Shah points to a major social media platform migration to illustrate how this plays out at scale. The platform was running MongoDB on AWS EC2 instances, and the cost had become, in Shah's words, difficult to justify. A 19-person team that included four solutions architects and multiple SREs migrated the database workload to Oracle Cloud Infrastructure bare metal servers managed through Kubernetes in four months. The decision came down to economics: hyperscaler VMs carry a cost premium that compounds at scale, and for a database workload with predictable resource needs, dedicated hardware was the better financial fit.
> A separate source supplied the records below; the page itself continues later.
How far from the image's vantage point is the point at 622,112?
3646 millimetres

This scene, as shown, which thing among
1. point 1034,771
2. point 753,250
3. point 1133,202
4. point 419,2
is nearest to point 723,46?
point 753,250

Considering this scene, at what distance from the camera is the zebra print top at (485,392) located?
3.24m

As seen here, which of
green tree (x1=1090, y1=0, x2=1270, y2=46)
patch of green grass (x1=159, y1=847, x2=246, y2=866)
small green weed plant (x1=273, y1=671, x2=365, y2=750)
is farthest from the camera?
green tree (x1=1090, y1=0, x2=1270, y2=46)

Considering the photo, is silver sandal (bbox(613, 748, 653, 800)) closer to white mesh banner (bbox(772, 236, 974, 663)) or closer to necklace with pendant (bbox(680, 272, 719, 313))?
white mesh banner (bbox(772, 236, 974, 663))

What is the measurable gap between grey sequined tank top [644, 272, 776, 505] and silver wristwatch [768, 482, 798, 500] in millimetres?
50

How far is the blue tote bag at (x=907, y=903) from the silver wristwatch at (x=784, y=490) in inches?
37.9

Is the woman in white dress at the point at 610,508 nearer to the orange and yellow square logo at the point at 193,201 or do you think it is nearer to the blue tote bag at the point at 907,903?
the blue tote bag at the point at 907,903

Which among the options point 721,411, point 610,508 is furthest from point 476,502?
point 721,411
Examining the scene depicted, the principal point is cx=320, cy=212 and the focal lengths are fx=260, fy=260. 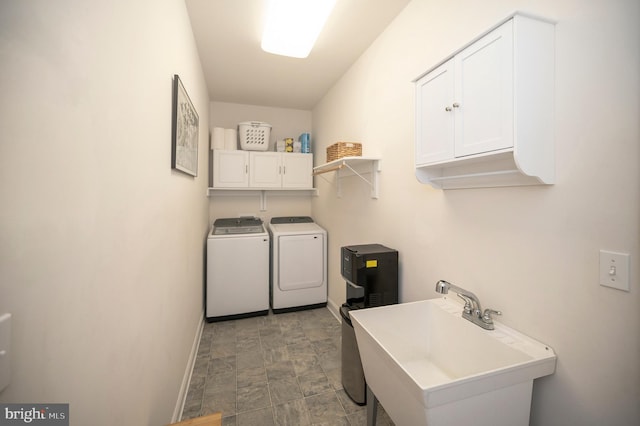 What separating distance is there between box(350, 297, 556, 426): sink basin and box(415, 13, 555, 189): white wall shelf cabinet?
0.71m

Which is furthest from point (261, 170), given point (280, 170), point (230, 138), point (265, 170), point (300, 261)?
point (300, 261)

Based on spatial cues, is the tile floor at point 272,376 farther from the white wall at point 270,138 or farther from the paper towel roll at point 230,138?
the paper towel roll at point 230,138

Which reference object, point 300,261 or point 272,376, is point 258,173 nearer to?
point 300,261

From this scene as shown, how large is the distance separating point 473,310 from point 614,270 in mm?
568

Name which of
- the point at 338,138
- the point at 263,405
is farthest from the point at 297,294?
the point at 338,138

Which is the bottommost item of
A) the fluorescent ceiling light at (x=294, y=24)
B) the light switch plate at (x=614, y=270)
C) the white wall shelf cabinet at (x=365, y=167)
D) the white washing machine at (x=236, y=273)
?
the white washing machine at (x=236, y=273)

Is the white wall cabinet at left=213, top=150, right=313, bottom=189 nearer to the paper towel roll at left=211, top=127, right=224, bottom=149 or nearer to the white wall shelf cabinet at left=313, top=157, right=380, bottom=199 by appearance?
the paper towel roll at left=211, top=127, right=224, bottom=149

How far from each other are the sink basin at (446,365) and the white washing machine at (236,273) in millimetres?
1968

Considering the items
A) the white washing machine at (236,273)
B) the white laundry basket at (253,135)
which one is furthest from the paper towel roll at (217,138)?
the white washing machine at (236,273)

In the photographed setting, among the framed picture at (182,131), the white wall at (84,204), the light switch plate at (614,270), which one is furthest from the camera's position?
the framed picture at (182,131)

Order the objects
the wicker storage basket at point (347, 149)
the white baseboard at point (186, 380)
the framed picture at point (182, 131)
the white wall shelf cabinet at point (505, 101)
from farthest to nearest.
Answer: the wicker storage basket at point (347, 149), the white baseboard at point (186, 380), the framed picture at point (182, 131), the white wall shelf cabinet at point (505, 101)

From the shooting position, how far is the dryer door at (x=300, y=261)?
3.22 metres

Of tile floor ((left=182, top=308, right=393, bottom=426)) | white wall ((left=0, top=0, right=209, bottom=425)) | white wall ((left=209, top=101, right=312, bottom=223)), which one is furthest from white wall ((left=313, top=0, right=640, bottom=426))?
white wall ((left=209, top=101, right=312, bottom=223))

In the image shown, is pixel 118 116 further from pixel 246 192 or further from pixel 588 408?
pixel 246 192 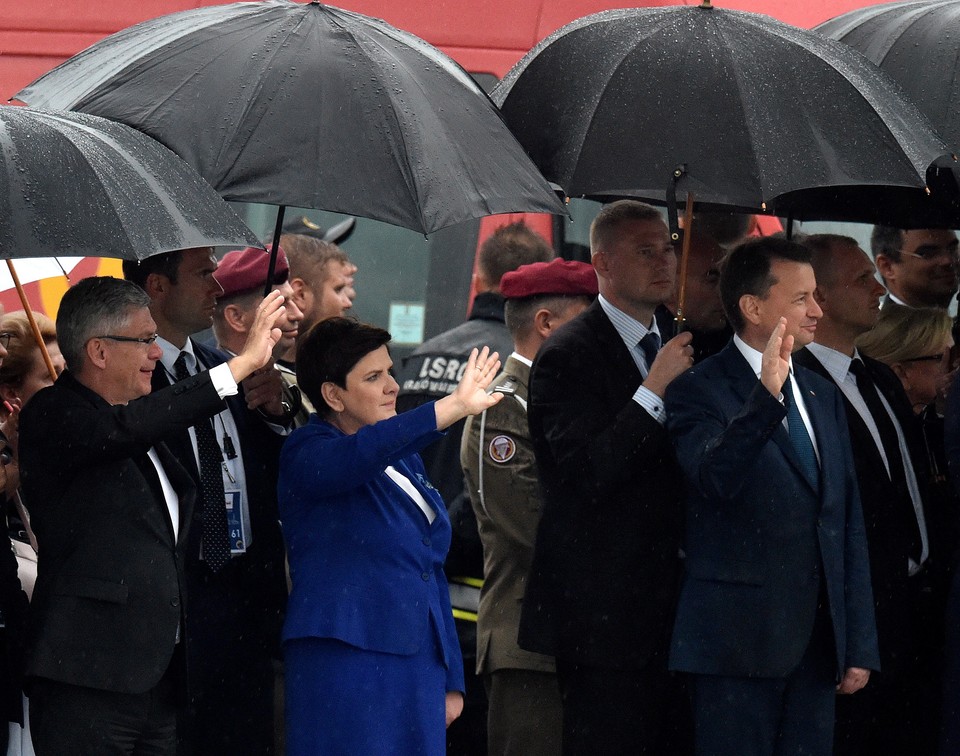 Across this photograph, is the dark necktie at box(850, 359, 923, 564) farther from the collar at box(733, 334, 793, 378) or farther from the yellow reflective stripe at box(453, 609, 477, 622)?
the yellow reflective stripe at box(453, 609, 477, 622)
  • AI ops lowers the barrier: What makes this shift viable for smaller organizations is that AI tooling now handles infrastructure management tasks that previously required dedicated DevOps teams. Shah describes a colleague who built an on-premises data center for his development company in Pakistan, something he never would have considered before. "He said, 'Now I have AI bots that help me manage my infrastructure and reduce my cost for having a managed operations team do this for me,'" Shah recounts. The economics of self-managed infrastructure have changed fundamentally now that a single AI subscription can replace portions of what once required full-time staff.

  • Where VMs stay: Shah is clear that the shift has limits. Regulated industries operate under compliance frameworks that mandate isolated environments. "Healthcare has HIPAA, HL7, ISO 27001. Your application has to be in its own dedicated virtual environment or separate server. They cannot coexist in a container on a single machine," he says. Government and public sector organizations face similar requirements. For these workloads, hyperscaler VMs remain the default and legally required architecture.

The broader pattern Shah describes is not a rejection of virtualization but a correction. For more than a decade, the industry assumed that abstracting hardware away from developers was always the right call. AI workloads, with their appetite for dedicated compute at predictable cost, are forcing architects to revisit that assumption.

"Raw performance is going to overtake what held the spot for the past ten to fifteen years," Shah says. "We're going back to where we started: dedicated resource systems. And companies are already making commitments for the next three to four years of dedicated hardware, because the cost of that hardware is going up too."